***** Exercise input
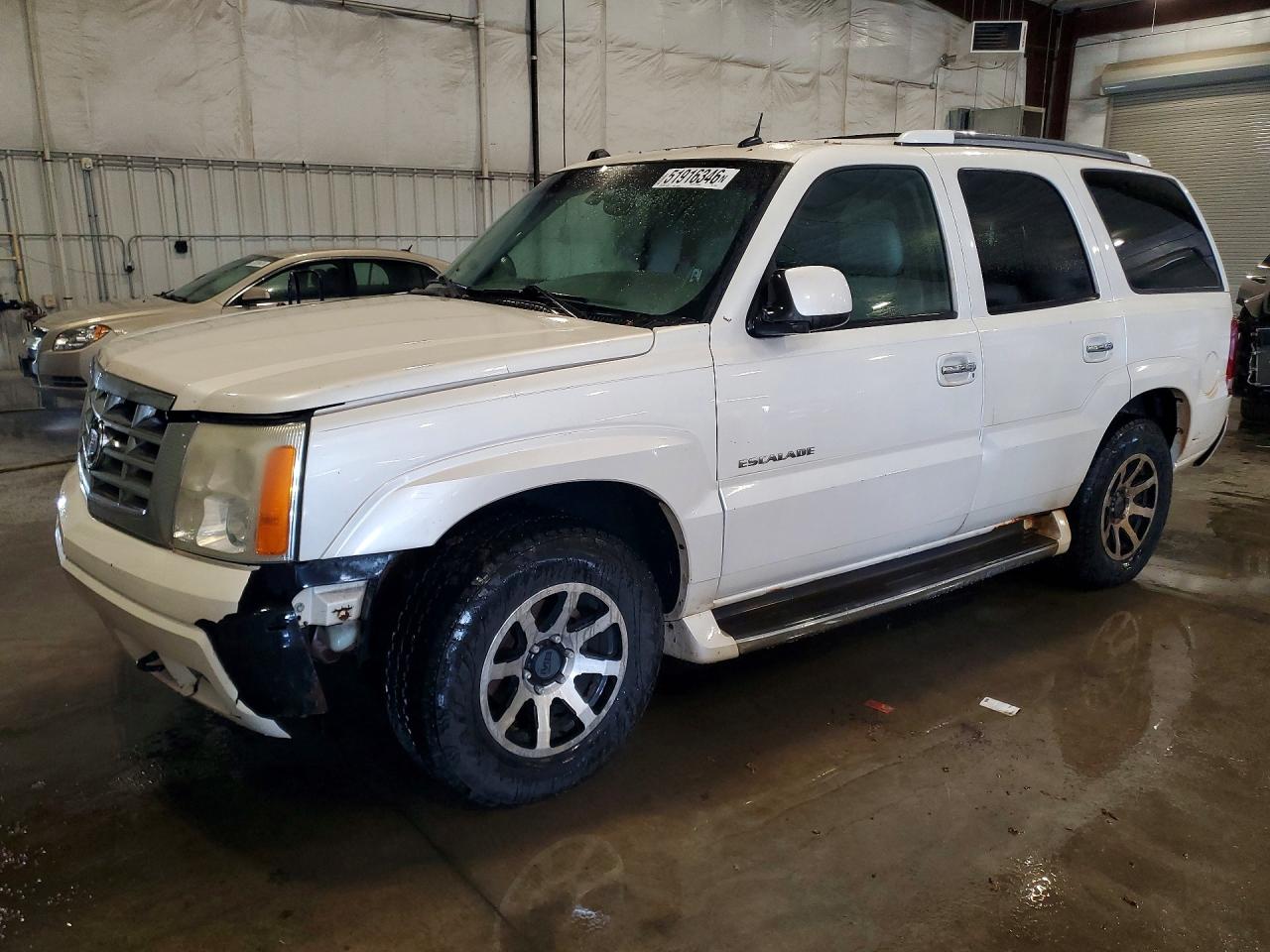 2004 Cadillac Escalade Luxury White vin: 1GYEK63N24R204868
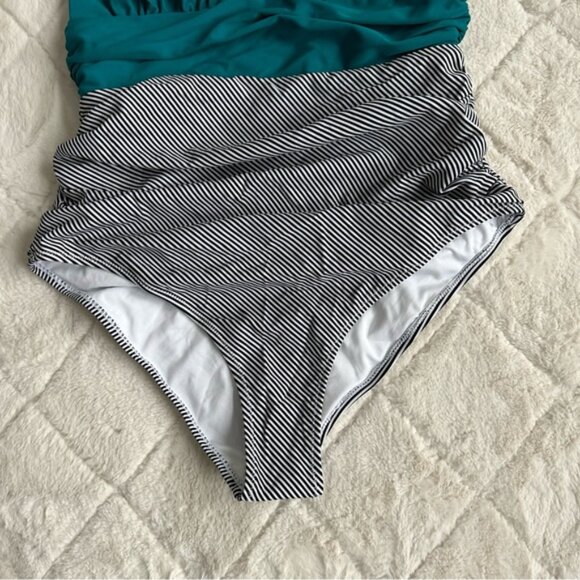 CUPSHE | Keeping You Accompanied Stripe One Piece Swimsuit | Size Large - Picture 5 of 12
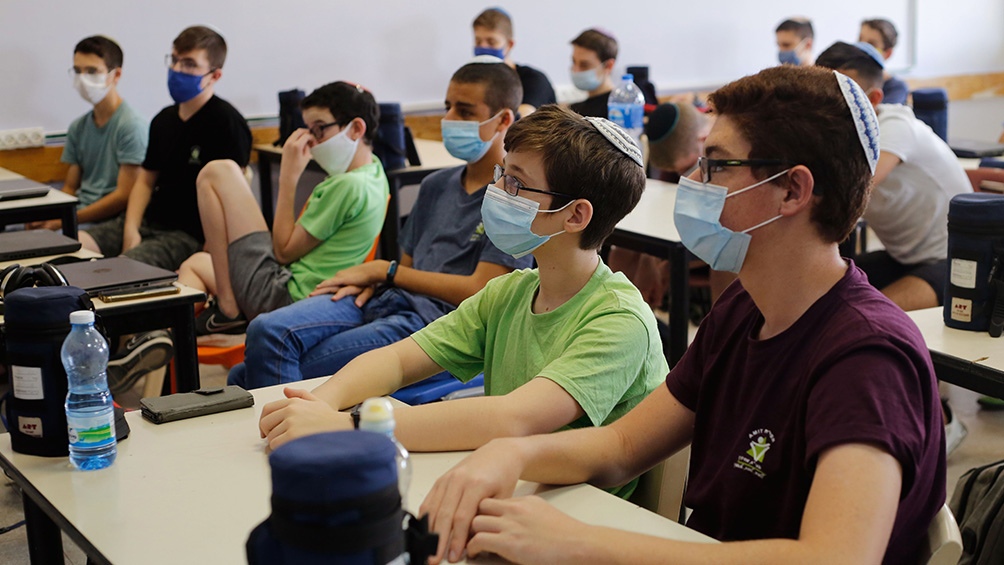 El Ministerio de Educación israelí estableció un sistema escolar que combinará la formación presencial con la virtual El Ministerio de Educación israelí estableció un sistema escolar que combinará la formación presencial con la virtual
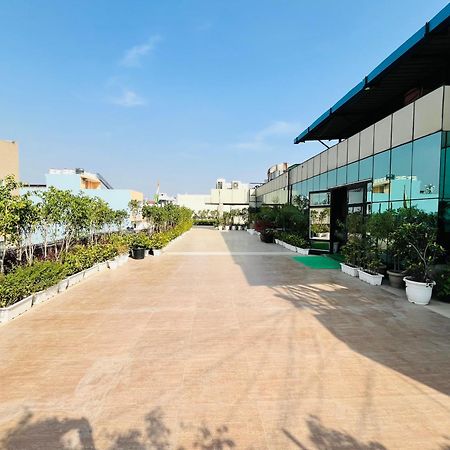 Airport Hotel Grand By Fantasia New Delhi Exterior foto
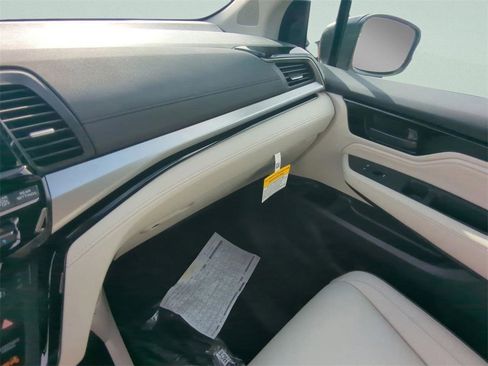 New 2026 Honda Odyssey Touring image 15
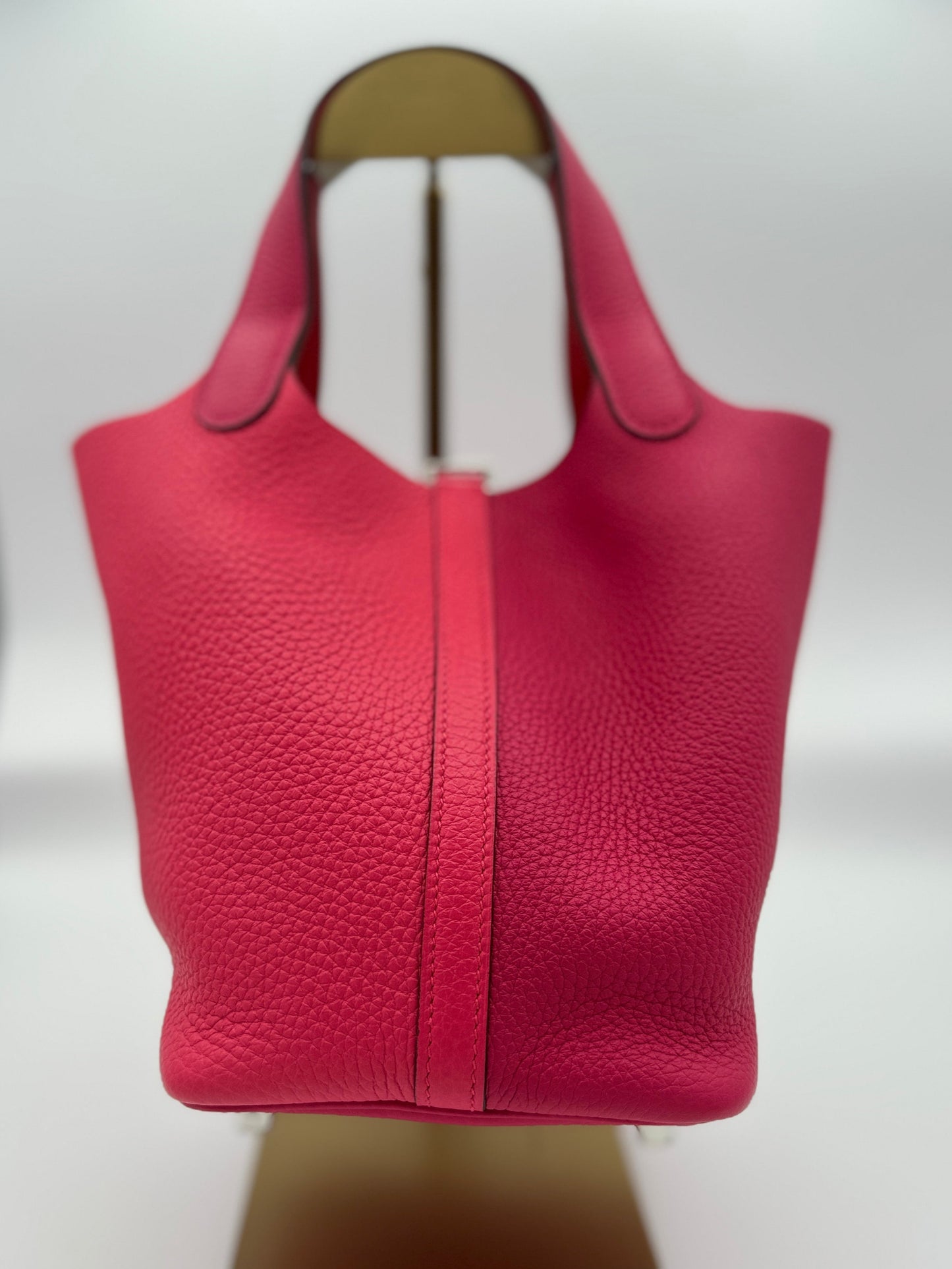 hermes picotin casaque 18 clémence taurillon rose extreme rose Mexico
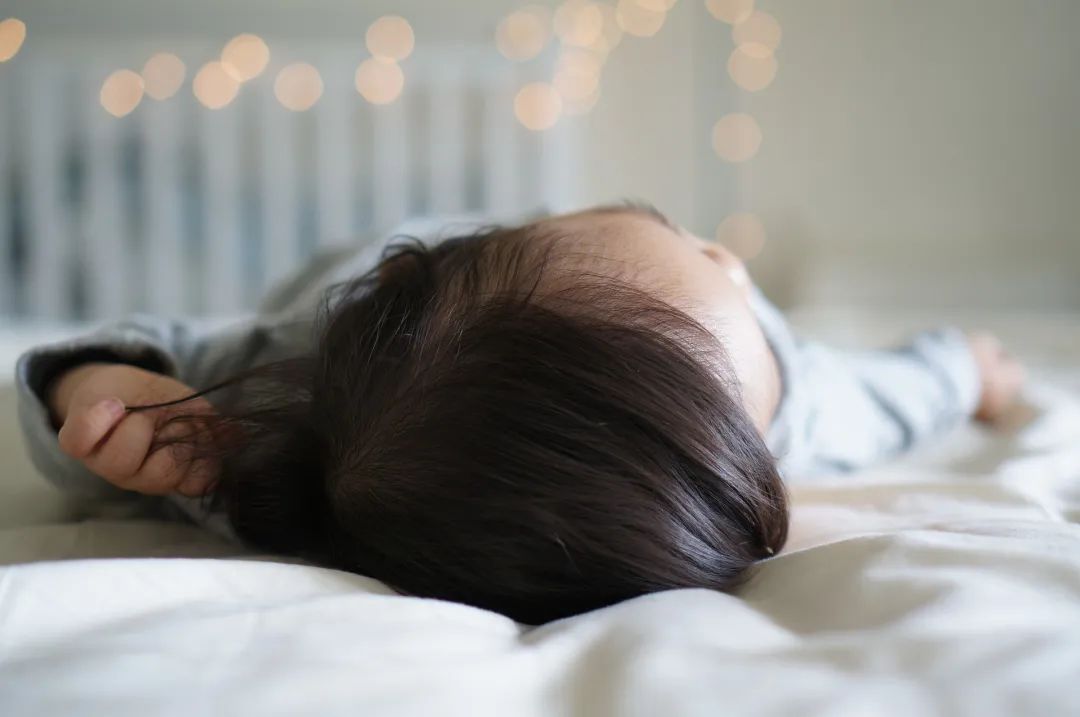 三分之一的儿童缺乏足够的睡眠时间，儿童一天需要多少睡眠？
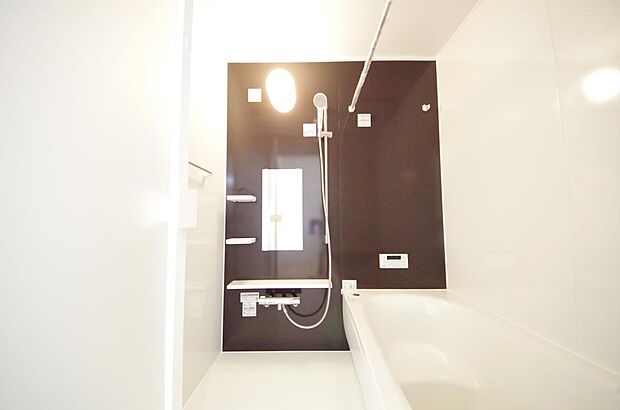 １日の疲れを癒す大切な場所です。追焚き機能も付いておりますので、帰りが遅くなっても安心できます。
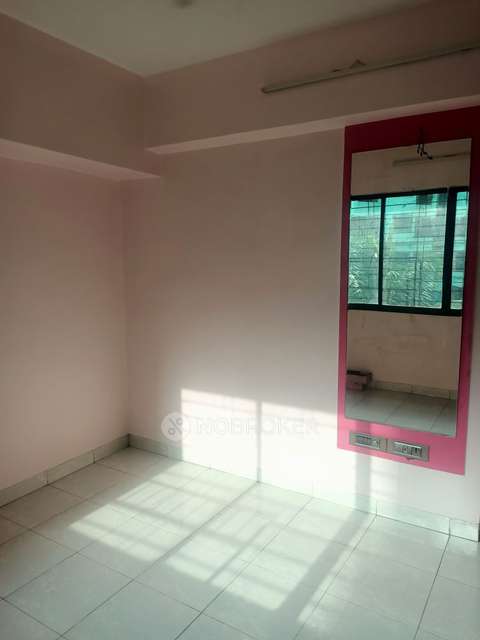 2 BHK Flat In Sadanand Chs For Sale  In Tilak Nagar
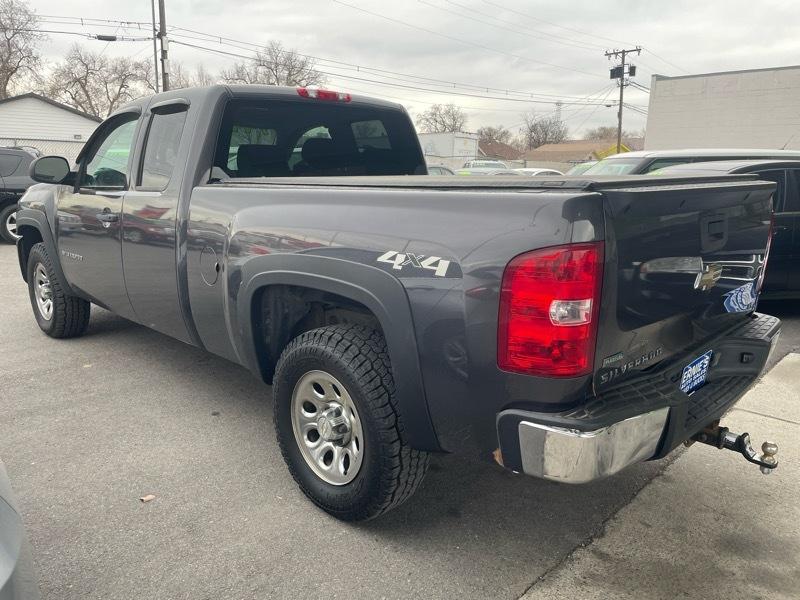 Chevrolet Silverado 1500 LS Extended Cab 4WD 2011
**********
Work instructions
A verbatim reproduction is expected: starting at the line above that has "la virtual El", ending at the line that has "New 2026 Honda Odyssey Touring image 15", both included, and with no pictures and no other lines.

Solution to this exercise
 El Ministerio de Educación israelí estableció un sistema escolar que combinará la formación presencial con la virtual El Ministerio de Educación israelí estableció un sistema escolar que combinará la formación presencial con la virtual
 Airport Hotel Grand By Fantasia New Delhi Exterior foto
 New 2026 Honda Odyssey Touring image 15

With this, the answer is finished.